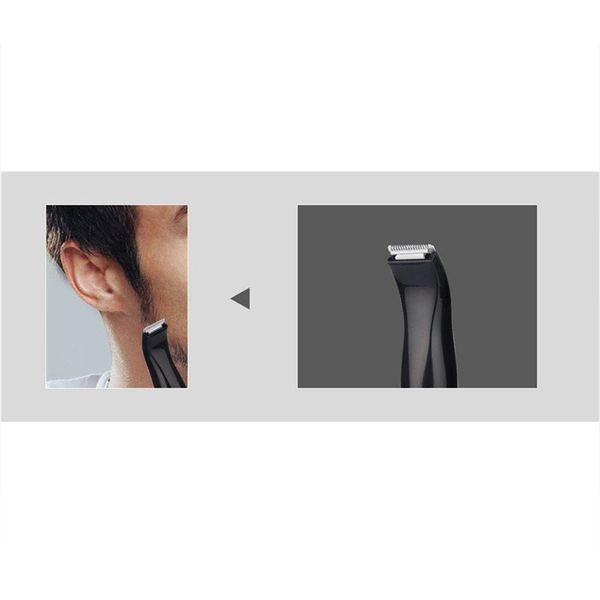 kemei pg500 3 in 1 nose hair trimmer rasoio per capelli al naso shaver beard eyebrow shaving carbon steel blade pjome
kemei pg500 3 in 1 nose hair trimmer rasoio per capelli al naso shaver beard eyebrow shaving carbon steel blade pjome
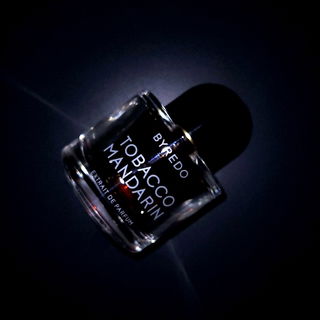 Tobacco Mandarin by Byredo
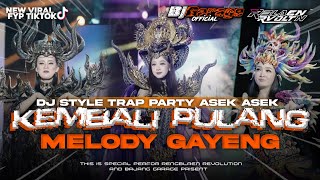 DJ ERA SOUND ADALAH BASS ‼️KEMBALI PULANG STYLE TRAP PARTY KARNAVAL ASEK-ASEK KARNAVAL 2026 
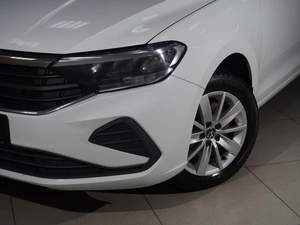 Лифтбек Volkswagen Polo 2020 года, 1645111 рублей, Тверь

◇ ◇ ◇ ◇ ◇

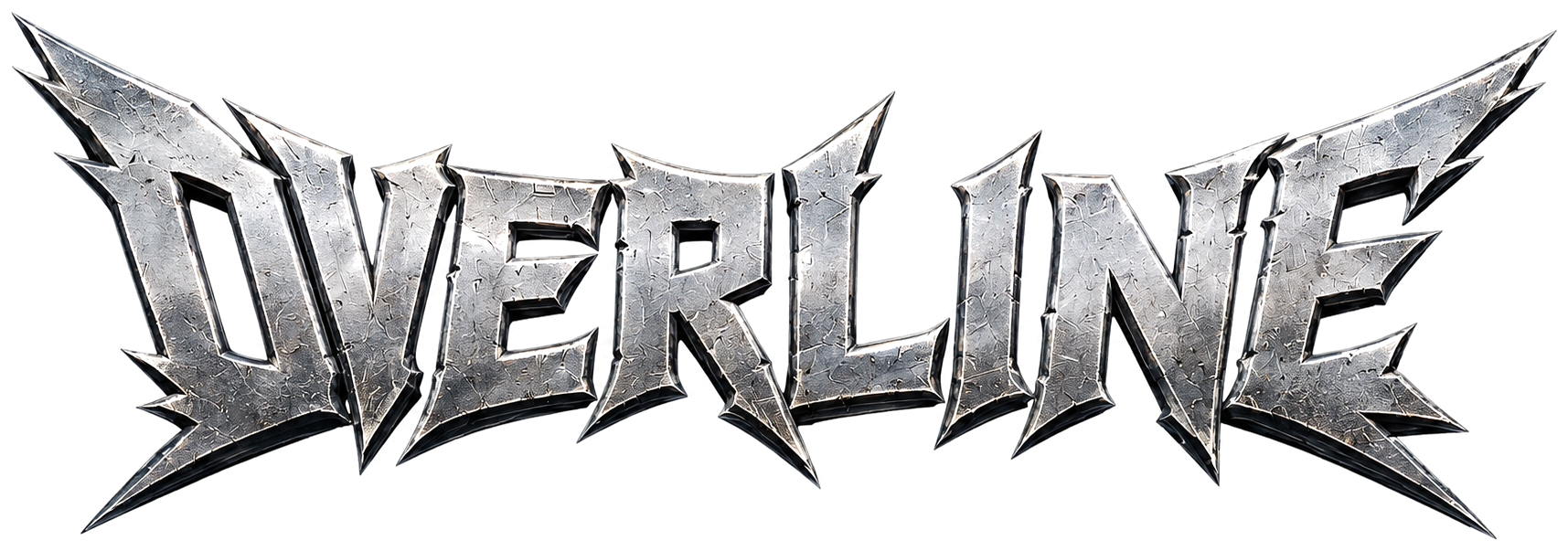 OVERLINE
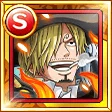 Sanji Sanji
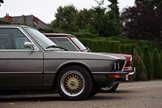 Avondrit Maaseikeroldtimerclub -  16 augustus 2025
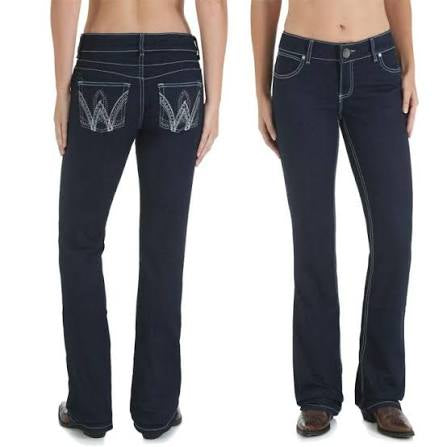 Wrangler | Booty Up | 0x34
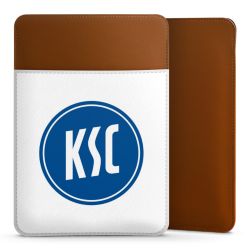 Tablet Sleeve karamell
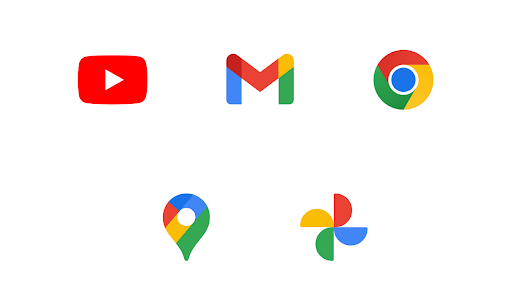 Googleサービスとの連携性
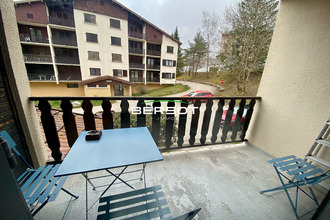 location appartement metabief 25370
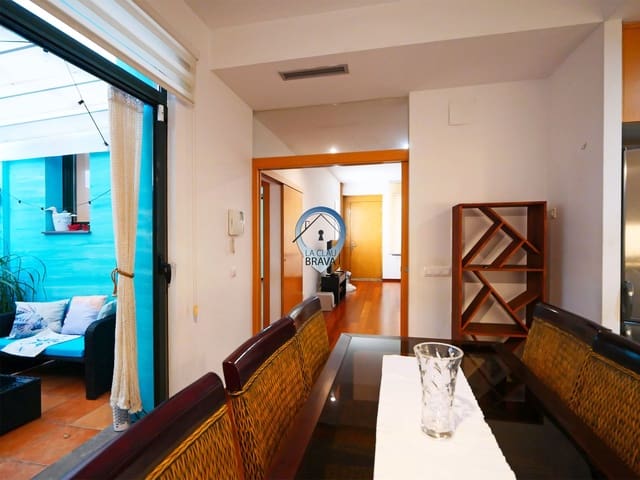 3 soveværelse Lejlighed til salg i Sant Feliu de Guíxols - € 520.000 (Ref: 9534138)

◇ ◇ ◇ ◇ ◇

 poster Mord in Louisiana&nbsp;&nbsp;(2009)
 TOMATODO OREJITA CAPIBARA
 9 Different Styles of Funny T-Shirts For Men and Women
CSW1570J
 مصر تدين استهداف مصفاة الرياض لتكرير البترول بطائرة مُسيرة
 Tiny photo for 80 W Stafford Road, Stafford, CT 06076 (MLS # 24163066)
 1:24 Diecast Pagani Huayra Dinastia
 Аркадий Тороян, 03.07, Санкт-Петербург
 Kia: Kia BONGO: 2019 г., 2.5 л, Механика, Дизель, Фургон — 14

◇ ◇ ◇ ◇ ◇

§ **Problem**
Leaving each picture behind, please give again exactly the lines above from the one with "Googleサービスとの連携性" through the one with "3 soveværelse Lejlighed", both included, and no others.

§ **Answer to this problem**
 Googleサービスとの連携性
 location appartement metabief 25370
 3 soveværelse Lejlighed til salg i Sant Feliu de Guíxols - € 520.000 (Ref: 9534138)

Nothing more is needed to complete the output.